One executive used an external consultant to help him control the emotional content of difficult conversations. He would share the feelings the situation had created and his plans to control the emotions in the discussion. This approach—planning it out before talking it out—is something anyone can practice, but it requires a period of detachment to sort things out.
Stakeholder Allegiance
Finally, strategic leadership requires the ability to orchestrate the involvement of all the parties, both inside and outside the utility, who are critical to the success of the change.

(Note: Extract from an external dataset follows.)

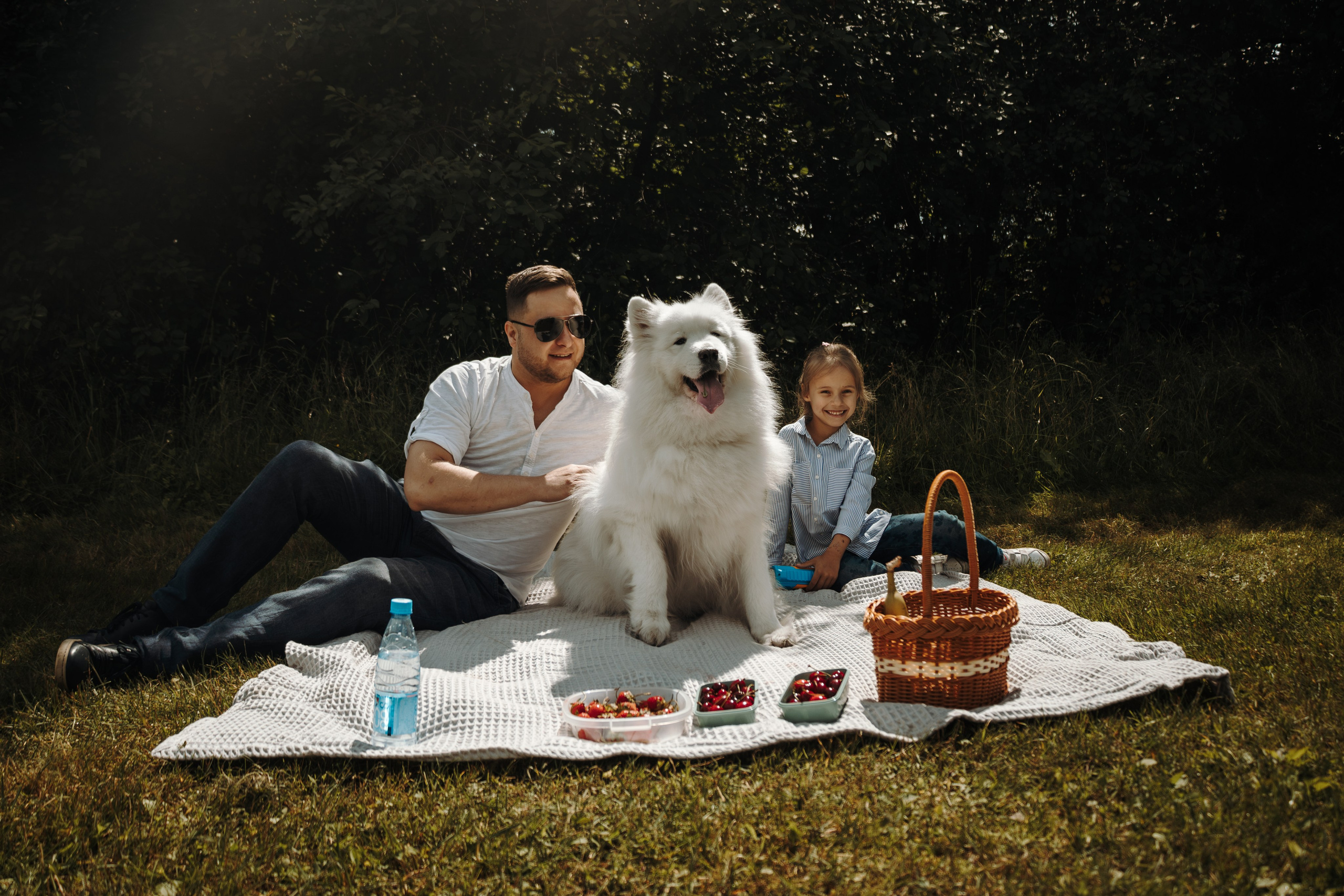 Семейная фотосессия при естественном свете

Within the organization it means executives building sponsorship of three distinct kinds. Among the executive team, this means assuming a full-throated responsibility for the implementation of the strategy, including communication of intent and personal dissatisfaction with the status quo. It also means establishing project leaders who can sponsor and lead the development of various process, system, and behavioral tools or training necessary to master the new strategy. Finally, it also means operating sponsorship and succession—managing responsibility for the strategy among senior leaders in the utility and developing future leaders who eventually can take up ongoing sponsorship of the strategy.

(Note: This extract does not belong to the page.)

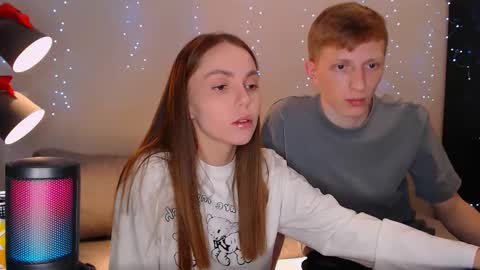 Snapshot of julsweet chatting on February 25, 9:35 pm sweet online show from February 25, 9:35 pm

Outside of the organization, executives need to identify key stakeholders and think through ways in which they can be engaged and influenced. Sometimes this requires, as W. Kim Chan notes, understanding the interests and motivations of key third parties. In a utility, for example, this might mean understanding the interests of union stewards and a willingness to help them achieve their objectives. The senior leaders at one utility, understanding the benefits related to a strategic relocation of its offices, were able to mitigate dislocation impacts by granting a transition allowance requested by union leadership. This enabled the union leaders to reinforce their role as helping and defending union members, while also winning over the employees whose productivity was obviously important. Interestingly, the cost was one-third what replacement would have been, and the change was implemented with an immediate gain in productivity of greater than 5 percent.
Executives who seek to develop stakeholder allegiance will find it very important that they establish reputations for being reliable and consistent. One way to accomplish this is to under-promise and over-deliver on commitments. Equally important is holding oneself and others accountable for actions and results, behaviors that start with teaching and coaching within the executive team itself. However, executives shouldn’t overlook the importance of asking for and granting forgiveness as new skills are mastered.
Finally, with the speed and openness of electronic communications, transparency becomes increasingly important to build and maintain trust with all stakeholders.
Leading the Change
There are few places where the phrase “tone at the top” has more meaning than in setting and implementing strategic change. Effectuating the culture change that’s inevitably required is no doubt a very difficult and arduous leadership task. This can be even more acute in organizations like utilities, which often have a long history of how things are done and, until the past half decade, haven’t felt the pressure of external forces like many other sectors.
Although there’s no perfect roadmap for assuring a successful change program, the strategic change capabilities demonstrated by the industry’s most successful utility executives create a path that increases the likelihood of success.